I'll try not to be obnoxious about it, but I'm going to keep talk radio in mind tonight when I do my lecture for MacCall's class. The first time I did one of these, using Wimba, which enables voice, live chat, and the ability to present powerpoint slides to the class, but no visuals of each other, I found it to be very disconcerting. I hadn't realized until then just how much I rely on visual feedback from the audience that I'm presenting to. I modify the pacing, the tone, even the sequence of what I'm doing, even when I'm working with a pretty well-structured lecture. I've always viewed it as performance, not much different than when I'm playing guitar and singing -- there's always a setlist, but it's never written in stone, because it's dependent on how well you're connecting with the audience.
So the next time I did the lecture for MacCall, I kept NPR's news programs in the back of my mind. Those folks are getting no feedback from the audience at all, and yet they're able to make it sound very informal, and conversational, as if you're right there. That's the effect that I wanted. And I felt much better about that second round. (It was also enhanced by the fact that the students were much more comfortable with the technology as well. And I expect the group this evening to be even more savvy than those from a year ago.)

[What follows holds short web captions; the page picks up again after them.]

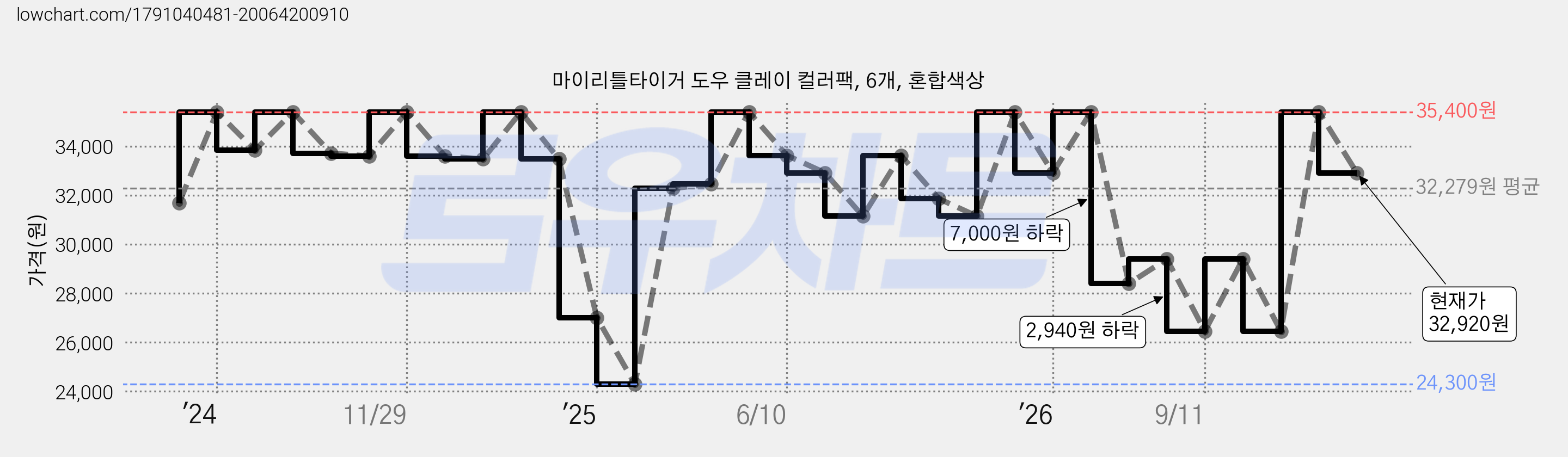 마이리틀타이거 도우 클레이 컬러팩, 6개, 혼합색상 가격 변동 차트, 현재가 32,920원, 관측 최저가 24,300원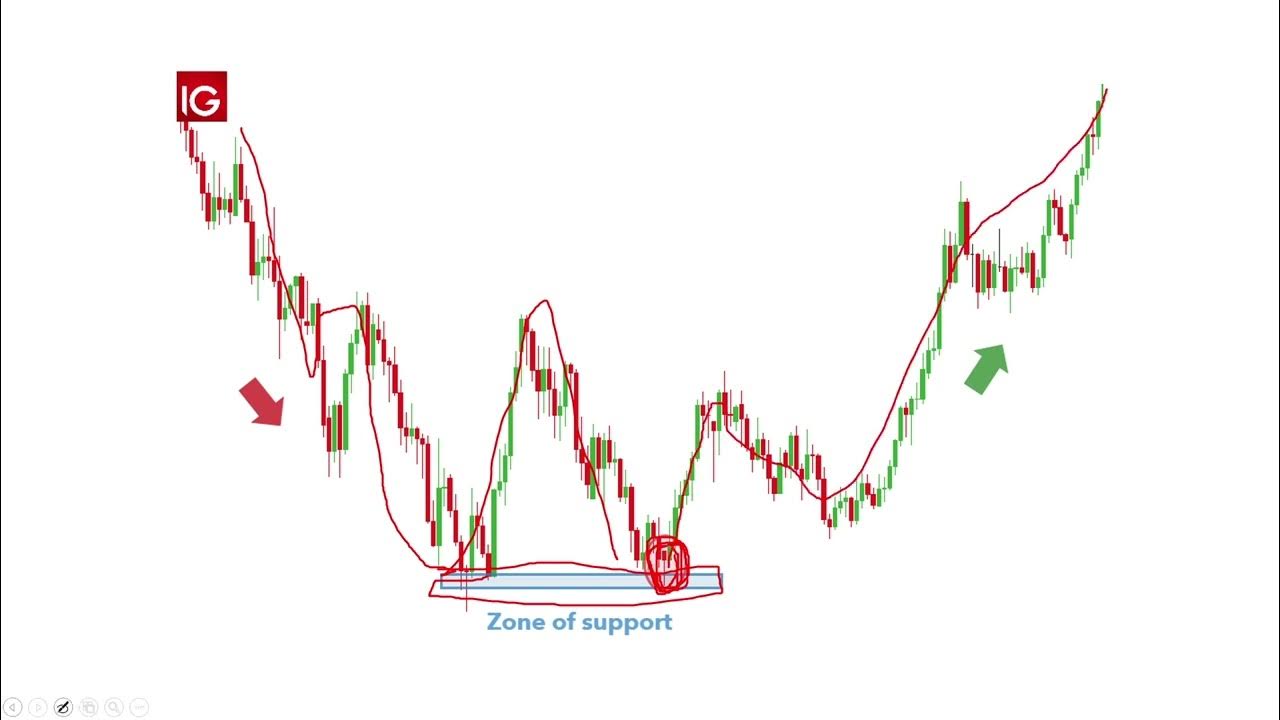 Candlestick basic to advance explain in kannada ll candlestick pattern
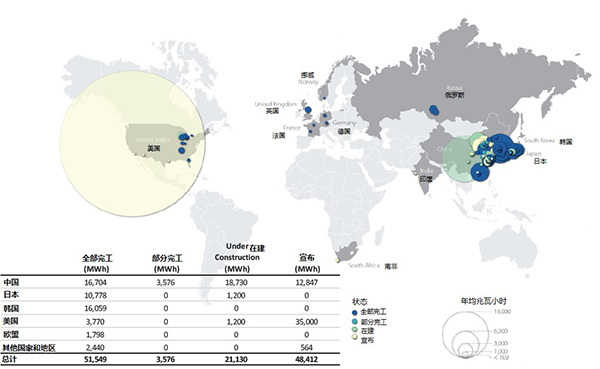 汽车锂电池(LIB)供应链与美国竞争力分析报告（一）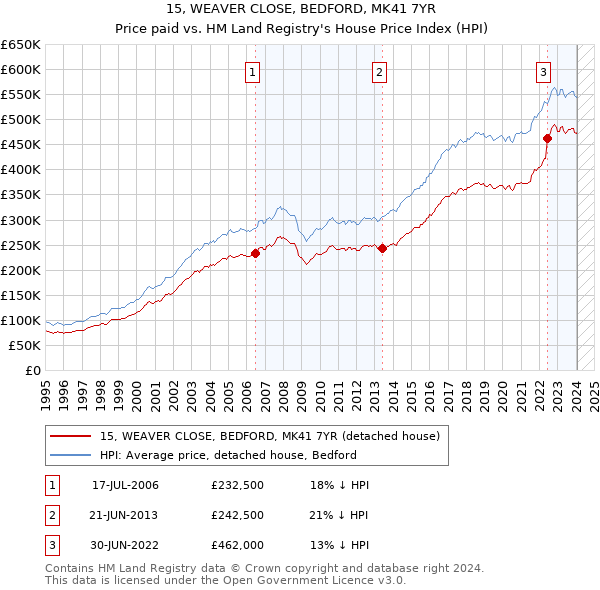 15, WEAVER CLOSE, BEDFORD, MK41 7YR: Price paid vs HM Land Registry's House Price Index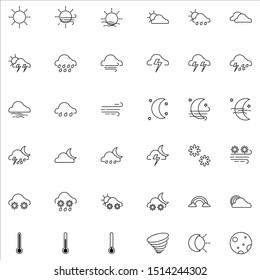 Weather Icon Set Design Line Style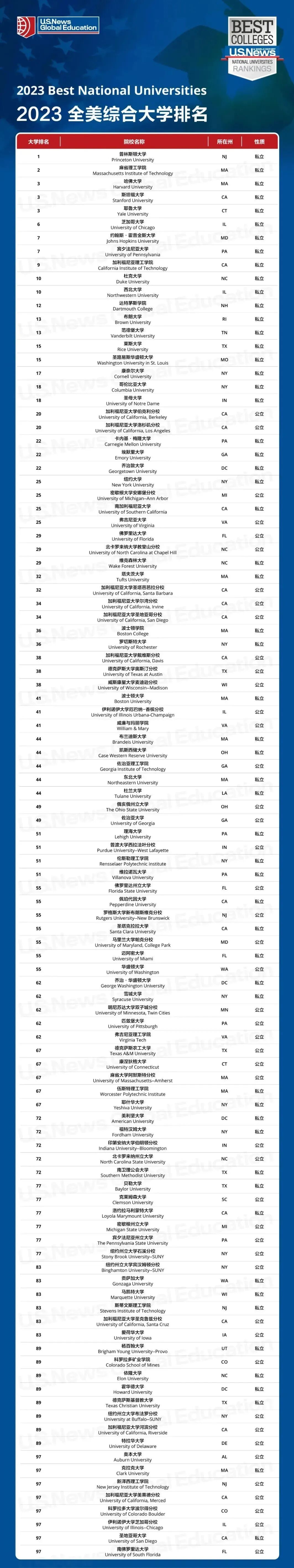 美国留学,美本留学,留学申请,美本留学服务,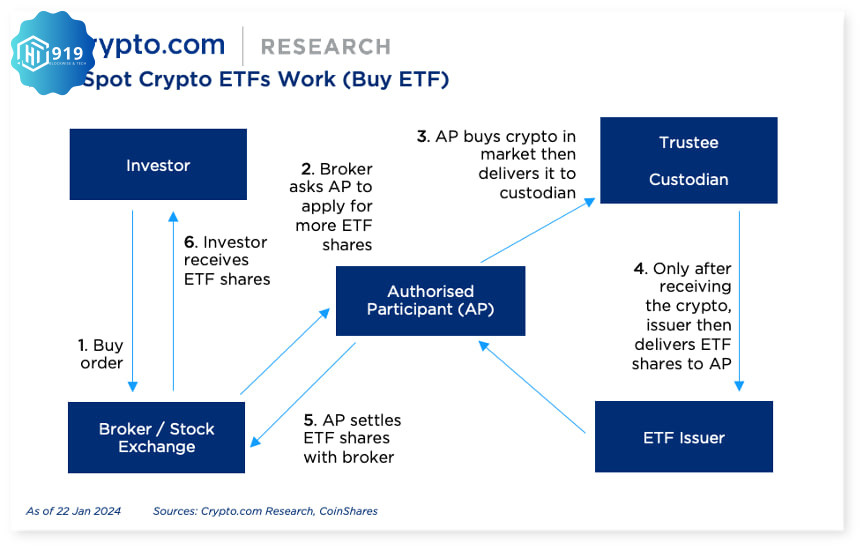 Crypto.com 202404011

My favorite part of lecturing or presenting live is always the discussion. It's a lot more fun for me, and I think it's more useful for the audience. So as I was thinking about getting into the right mindset for tonight I realized that what I want is not All Things Considered, but Rush Limbaugh. That is, I can pontificate about what I think the important issues are, but allow a lot of time for comments, questions & suggestions from the group.
Well, maybe Limbaugh isn't exactly the model that I want to use.... I'd actually like to encourage real discussion, diversity of opinion, and informed critical thinking, which is pretty much the opposite of what most talk radio is about.